> [INPUT]

════════

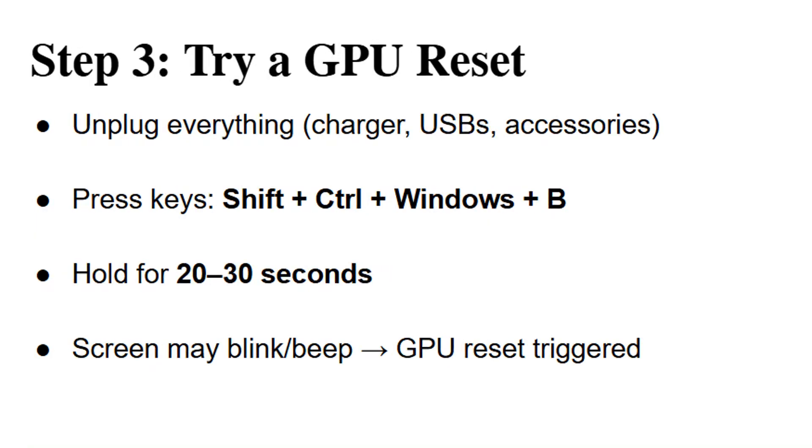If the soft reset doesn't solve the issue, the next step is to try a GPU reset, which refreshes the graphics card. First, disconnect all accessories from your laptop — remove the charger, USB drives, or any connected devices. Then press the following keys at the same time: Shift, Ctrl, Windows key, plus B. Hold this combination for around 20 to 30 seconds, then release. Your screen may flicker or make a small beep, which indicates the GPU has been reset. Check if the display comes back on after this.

════════

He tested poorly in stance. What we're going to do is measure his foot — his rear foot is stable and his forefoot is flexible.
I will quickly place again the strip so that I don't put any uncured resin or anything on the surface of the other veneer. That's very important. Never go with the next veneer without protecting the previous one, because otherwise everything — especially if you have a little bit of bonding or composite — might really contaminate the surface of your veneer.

════════

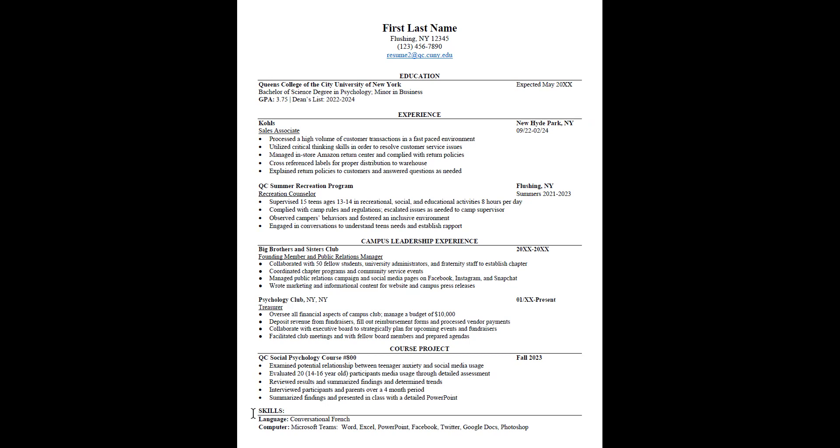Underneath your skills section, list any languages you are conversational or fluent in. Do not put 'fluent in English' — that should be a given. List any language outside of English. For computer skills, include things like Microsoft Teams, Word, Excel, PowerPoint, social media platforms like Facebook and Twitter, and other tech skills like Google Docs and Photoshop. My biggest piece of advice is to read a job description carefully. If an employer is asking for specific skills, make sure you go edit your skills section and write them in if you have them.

════════

> [ASSIGNMENT] Look above for the line holding "He tested poorly" and the line holding "I will quickly". Retype both, and every line between them, word for word and nothing else.

> [RESPONSE AREA]
He tested poorly in stance. What we're going to do is measure his foot — his rear foot is stable and his forefoot is flexible.
I will quickly place again the strip so that I don't put any uncured resin or anything on the surface of the other veneer. That's very important. Never go with the next veneer without protecting the previous one, because otherwise everything — especially if you have a little bit of bonding or composite — might really contaminate the surface of your veneer.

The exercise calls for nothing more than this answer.